Lugones: un recuerdo y una advertencia

Lugones: un recuerdo y una advertencia. [1]

Ezequiel Martínez Estrada

 

Me propongo exponer como adiós a los jóvenes de ahora, cuáles creo que son las más aprehensibles causas de aquellos fenómenos que agostan nuestra cultura de secano, utilizando el sacrificio u holocausto de Leopoldo Lugones como advertencia de cuán triste es la suerte del intelectual que, sin alimentos naturales para conservar su vida, nútrese de su propia sustancia.

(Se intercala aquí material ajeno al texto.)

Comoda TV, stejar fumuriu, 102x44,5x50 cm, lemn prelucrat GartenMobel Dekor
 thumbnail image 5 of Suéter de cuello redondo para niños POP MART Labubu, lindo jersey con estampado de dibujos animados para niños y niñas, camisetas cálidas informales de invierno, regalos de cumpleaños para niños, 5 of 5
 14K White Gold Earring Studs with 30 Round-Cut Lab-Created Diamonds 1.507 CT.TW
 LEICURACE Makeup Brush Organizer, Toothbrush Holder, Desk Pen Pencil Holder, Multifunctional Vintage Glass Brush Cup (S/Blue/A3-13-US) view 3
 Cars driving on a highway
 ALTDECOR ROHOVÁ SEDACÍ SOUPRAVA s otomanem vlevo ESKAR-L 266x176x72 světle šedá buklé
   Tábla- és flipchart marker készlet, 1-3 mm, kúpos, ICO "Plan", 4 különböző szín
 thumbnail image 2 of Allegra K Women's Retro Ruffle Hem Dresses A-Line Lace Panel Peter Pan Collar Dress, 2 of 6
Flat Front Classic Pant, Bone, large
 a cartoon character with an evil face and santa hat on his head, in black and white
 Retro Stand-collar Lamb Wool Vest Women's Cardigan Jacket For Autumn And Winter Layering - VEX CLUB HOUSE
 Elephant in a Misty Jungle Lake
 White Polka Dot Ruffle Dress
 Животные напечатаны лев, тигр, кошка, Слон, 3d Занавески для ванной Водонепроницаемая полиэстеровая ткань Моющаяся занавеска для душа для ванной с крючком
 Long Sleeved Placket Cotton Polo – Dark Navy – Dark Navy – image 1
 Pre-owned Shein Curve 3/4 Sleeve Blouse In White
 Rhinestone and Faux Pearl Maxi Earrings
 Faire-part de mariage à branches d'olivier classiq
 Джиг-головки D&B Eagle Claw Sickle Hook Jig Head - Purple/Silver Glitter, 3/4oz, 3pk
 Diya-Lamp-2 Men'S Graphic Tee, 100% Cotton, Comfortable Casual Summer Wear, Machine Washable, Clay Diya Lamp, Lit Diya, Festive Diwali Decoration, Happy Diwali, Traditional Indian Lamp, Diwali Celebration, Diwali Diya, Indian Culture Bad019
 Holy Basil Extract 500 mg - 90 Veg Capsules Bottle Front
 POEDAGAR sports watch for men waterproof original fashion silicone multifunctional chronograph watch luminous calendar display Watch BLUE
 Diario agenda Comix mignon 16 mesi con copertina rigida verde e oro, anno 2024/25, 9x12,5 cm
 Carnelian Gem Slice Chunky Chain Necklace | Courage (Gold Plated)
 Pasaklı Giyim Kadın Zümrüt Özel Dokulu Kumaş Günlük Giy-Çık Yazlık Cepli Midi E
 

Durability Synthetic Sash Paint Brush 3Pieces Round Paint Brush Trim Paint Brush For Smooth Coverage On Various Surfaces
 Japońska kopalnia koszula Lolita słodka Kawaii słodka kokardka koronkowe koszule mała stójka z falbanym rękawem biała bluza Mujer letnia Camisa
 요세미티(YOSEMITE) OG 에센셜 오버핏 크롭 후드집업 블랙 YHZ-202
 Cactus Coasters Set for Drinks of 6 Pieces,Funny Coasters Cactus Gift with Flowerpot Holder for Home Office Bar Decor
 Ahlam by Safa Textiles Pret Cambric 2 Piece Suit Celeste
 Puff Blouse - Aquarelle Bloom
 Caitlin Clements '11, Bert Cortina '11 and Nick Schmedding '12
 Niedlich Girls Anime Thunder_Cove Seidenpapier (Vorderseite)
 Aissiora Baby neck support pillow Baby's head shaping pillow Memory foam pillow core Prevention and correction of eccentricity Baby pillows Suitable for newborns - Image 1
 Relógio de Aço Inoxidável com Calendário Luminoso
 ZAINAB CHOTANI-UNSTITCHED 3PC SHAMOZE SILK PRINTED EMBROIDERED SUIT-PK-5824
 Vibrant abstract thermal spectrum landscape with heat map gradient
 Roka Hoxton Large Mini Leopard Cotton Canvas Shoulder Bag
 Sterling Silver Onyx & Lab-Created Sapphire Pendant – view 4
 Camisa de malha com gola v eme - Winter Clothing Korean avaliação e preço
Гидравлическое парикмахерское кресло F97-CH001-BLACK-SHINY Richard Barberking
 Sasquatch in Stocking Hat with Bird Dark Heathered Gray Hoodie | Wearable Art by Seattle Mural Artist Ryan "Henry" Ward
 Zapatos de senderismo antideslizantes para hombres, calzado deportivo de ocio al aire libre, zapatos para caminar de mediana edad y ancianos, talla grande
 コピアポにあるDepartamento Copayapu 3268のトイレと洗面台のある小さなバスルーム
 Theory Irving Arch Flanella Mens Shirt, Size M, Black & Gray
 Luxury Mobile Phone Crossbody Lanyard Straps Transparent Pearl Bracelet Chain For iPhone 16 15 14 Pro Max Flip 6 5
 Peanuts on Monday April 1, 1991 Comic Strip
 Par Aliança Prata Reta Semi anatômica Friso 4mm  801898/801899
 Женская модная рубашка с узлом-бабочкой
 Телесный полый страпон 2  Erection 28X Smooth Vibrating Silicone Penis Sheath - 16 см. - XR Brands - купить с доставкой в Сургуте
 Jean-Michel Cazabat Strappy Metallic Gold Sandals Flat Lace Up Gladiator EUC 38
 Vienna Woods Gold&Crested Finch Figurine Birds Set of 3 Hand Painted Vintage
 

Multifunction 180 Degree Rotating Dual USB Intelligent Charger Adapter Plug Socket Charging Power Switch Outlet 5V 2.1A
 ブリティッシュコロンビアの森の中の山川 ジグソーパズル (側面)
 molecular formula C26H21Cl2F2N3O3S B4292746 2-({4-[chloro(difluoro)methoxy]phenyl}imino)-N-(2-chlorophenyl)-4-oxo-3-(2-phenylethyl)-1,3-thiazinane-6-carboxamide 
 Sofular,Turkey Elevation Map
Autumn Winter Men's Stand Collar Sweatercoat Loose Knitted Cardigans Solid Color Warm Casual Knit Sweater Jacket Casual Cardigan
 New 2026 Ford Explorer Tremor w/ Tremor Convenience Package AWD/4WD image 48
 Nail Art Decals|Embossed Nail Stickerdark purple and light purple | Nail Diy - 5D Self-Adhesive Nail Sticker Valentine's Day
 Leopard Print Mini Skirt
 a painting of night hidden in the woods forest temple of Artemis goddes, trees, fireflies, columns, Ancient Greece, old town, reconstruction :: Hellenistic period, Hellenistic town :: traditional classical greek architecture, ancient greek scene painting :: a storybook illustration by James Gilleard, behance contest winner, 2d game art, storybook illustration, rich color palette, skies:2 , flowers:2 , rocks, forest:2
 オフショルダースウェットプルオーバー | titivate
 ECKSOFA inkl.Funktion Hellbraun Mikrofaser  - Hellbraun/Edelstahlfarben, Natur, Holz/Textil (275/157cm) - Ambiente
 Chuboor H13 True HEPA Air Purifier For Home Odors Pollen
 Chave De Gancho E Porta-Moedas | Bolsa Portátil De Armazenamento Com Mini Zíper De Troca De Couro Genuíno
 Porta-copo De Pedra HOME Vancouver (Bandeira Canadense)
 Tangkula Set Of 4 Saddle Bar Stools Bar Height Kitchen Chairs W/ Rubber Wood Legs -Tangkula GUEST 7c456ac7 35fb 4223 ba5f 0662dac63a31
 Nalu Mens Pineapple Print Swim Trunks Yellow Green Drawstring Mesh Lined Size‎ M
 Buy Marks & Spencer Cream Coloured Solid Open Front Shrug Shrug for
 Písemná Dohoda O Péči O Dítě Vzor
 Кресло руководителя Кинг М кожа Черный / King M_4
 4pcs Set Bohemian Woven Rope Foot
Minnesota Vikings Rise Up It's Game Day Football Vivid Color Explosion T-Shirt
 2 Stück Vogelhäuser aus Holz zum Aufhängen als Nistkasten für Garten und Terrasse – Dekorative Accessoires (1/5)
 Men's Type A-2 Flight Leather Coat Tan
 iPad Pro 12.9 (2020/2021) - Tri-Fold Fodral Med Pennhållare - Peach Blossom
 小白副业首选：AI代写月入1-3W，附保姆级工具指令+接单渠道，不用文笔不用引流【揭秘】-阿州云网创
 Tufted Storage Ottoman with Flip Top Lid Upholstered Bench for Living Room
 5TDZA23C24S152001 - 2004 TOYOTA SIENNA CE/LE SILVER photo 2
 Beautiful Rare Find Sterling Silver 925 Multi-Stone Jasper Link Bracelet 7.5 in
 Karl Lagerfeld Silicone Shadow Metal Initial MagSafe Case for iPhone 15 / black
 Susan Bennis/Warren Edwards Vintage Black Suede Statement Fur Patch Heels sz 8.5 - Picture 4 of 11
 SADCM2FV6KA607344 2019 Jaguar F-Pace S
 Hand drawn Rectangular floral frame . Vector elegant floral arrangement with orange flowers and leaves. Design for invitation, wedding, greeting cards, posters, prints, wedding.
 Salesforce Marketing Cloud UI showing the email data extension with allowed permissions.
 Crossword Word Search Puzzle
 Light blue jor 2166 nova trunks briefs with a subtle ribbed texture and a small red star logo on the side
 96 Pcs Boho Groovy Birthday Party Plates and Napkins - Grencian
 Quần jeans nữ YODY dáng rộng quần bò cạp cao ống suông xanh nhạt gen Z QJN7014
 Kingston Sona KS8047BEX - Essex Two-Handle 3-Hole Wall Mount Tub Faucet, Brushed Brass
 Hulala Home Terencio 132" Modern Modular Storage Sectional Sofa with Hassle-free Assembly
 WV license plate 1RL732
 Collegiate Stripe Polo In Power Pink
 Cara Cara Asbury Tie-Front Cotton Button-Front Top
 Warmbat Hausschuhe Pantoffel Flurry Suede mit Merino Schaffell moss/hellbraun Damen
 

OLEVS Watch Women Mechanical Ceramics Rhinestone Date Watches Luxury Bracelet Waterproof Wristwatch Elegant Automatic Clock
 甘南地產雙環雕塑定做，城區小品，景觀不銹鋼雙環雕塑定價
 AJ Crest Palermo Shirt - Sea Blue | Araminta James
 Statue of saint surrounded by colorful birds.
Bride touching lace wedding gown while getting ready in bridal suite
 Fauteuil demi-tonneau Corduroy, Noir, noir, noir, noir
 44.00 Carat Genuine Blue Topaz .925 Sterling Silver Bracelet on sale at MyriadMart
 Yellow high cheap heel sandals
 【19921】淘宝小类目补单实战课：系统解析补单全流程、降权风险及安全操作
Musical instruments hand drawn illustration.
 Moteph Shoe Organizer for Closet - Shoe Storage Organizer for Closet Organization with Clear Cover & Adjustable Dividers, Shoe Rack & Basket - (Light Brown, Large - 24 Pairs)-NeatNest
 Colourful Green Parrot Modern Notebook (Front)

Disimular o desnaturalizar los hechos que expresan un estado histórico, derivándolo a episodio biográfico, es propio del piadoso fraude que absuelve a los verdaderos responsables para dictar sentencia condenatoria contra la misma víctima. Espero que sea la última vez, Dios mediante, que tenga que defender causas perdidas. El caso de Lugones me parece a este respecto no sólo una advertencia sino un ejemplo de cómo la inteligencia es sometida por diabólicas peripecias, a un servicio social de baja categoría. Yo lo contemplo como un paladín sin lábaro, como un hombre de moral inquebrantable, que agobiado por el peso de su soledad, salió a buscar la muerte como última posible liberación.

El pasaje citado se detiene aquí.